*2980 1. Petitioner, an attorney retained to prosecute an action on behalf of the State of Oklahoma, held not to be an officer or employee of the State to the extent that the amount paid him could not be taxed.
2. Amount paid for personal services to be performed in the future is income when received.
3. Petitioner was to be reimbursed for expenses paid in the litigation. Held, such expenses are not deductible.
*1238 This appeal is from a determination by the Commissioner of a deficiency in income taxes for the year 1922 in the amount of $1,296.
*1239 FINDINGS OF FACT.
Petitioner resides in Oklahoma City, Okla., and is an attorney at law duly admitted to practice as such in Oklahoma. In 1922 he was attorney general of the State of Oklahoma.

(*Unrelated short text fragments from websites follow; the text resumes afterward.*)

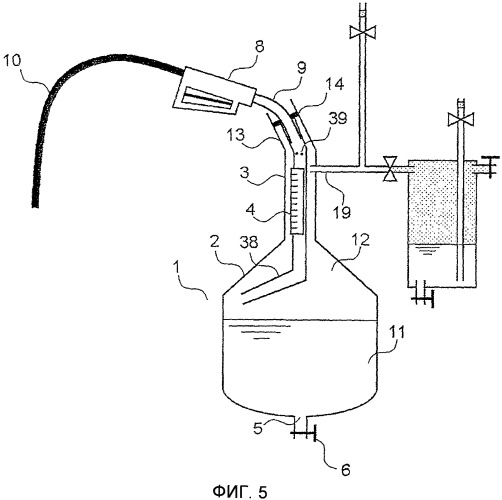Устройство для калибровки аппарата для раздачи жидкого топлива и способ использования такого устройства (патент 2480397)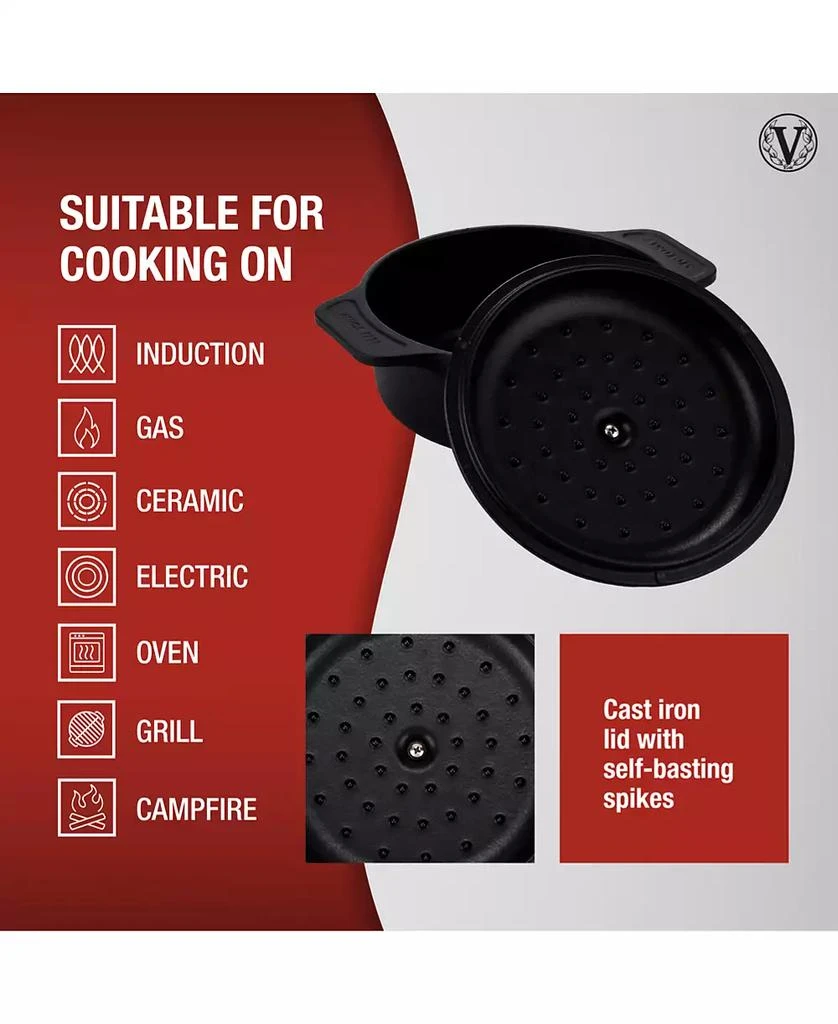 Victoria 2-Quart Cast Iron Preseasoned Dutch Oven with Lid and Dual Handles 5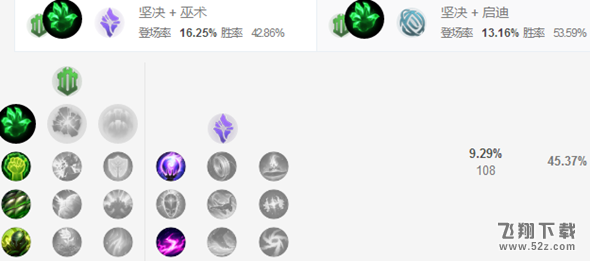 LOLS8辅助暮光之眼慎天赋出装推荐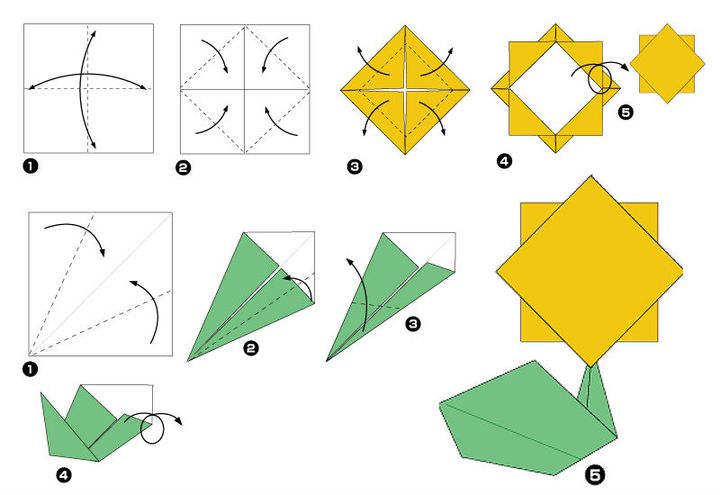 Assemblage pas à pas de tournesol en origami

Petitioner, in January or February, 1922, while he was Attorney General, entered into a contract with the Governor and other School Land Commissioners of Oklahoma to represent the State as its attorney in certain litigation with the State of Texas with respect to the boundary between the two States. The*2981 fee for his services was fixed at $15,000 and this amount was paid to him during 1922. It was estimated that the litigation would continue for three years. Thereupon the petitioner resigned the office of Attorney General and devoted substantially his entire time during 1922 to the professional services which he had contracted to render his State. In the latter part of 1922 he became connected with a law firm. While connected with this law firm in 1922 he gave advice to clients but did not carry on a regular practice. Taxpayer, in his 1922 income-tax return, returned $2,450 as income from his profession from sources other than the State of Oklahoma.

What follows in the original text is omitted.